We recruited sixteen participants (10 females, 6 males, average age: 23 years, 14 right handed). All had normal or corrected-to-normal vision. We obtained ethical approval from the ethics committee at the University of Amsterdam and all methods were performed in accordance with relevant guidelines and regulations. Informed consent was obtained in writing from the subjects before the experiments. Subjects received a fixed monetary compensation for their time and they could earn an additional monetary reward depending on their task performance at the end of the experiment.

Stimuli and Apparatus

Stimuli were displayed on a CRT monitor (refresh rate: 85 Hz) at a resolution of 1024 × 768 pixels (screen height = 30 cm and width = 40 cm).
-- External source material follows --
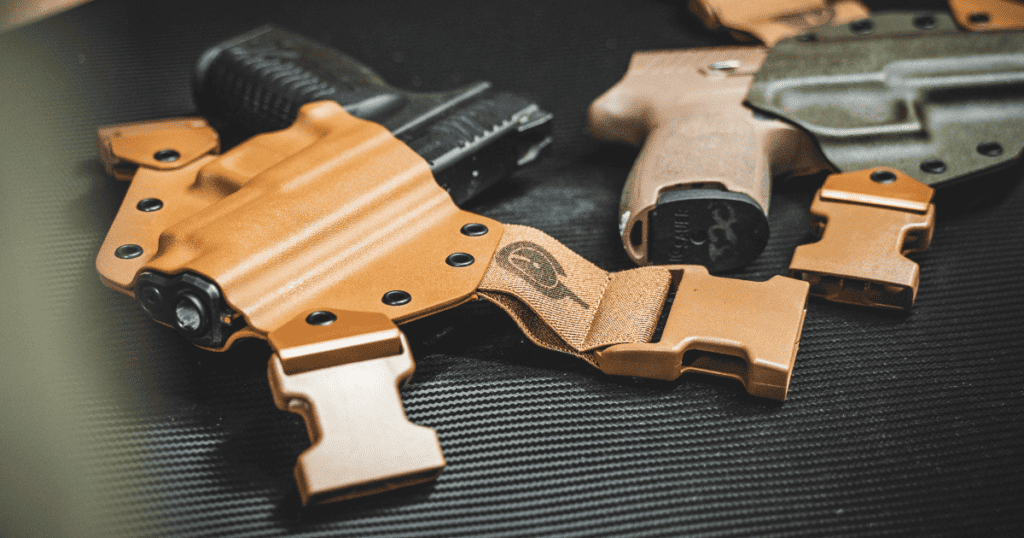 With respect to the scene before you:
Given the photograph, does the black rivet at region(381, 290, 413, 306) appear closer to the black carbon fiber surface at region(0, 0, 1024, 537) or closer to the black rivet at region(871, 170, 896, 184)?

We used a chin rest and the subjects were seated at a distance of 58 cm from the monitor. The icons were obtained from the University of Amsterdam Object library³⁸ and they were displayed using the COGENT toolbox in MATLAB 2013. The subjects’ responses were registered using a keyboard. We used an Eyelink camera (SR Research, Canada) with a sampling rate of 1000 Hz to monitor eye position.

Tasks

All subjects performed three tasks in succession and the total duration of the experiment was approximately 2.5 hours. The first task was to learn new stimulus-response associations and it took approximately 80-90 minutes. The second task probed the stimulus-response associations that had formed and lasted approximately 15–20 minutes. The third task tested the influence of learning in a subsequent visual search paradigm and lasted approximately 20–25 minutes.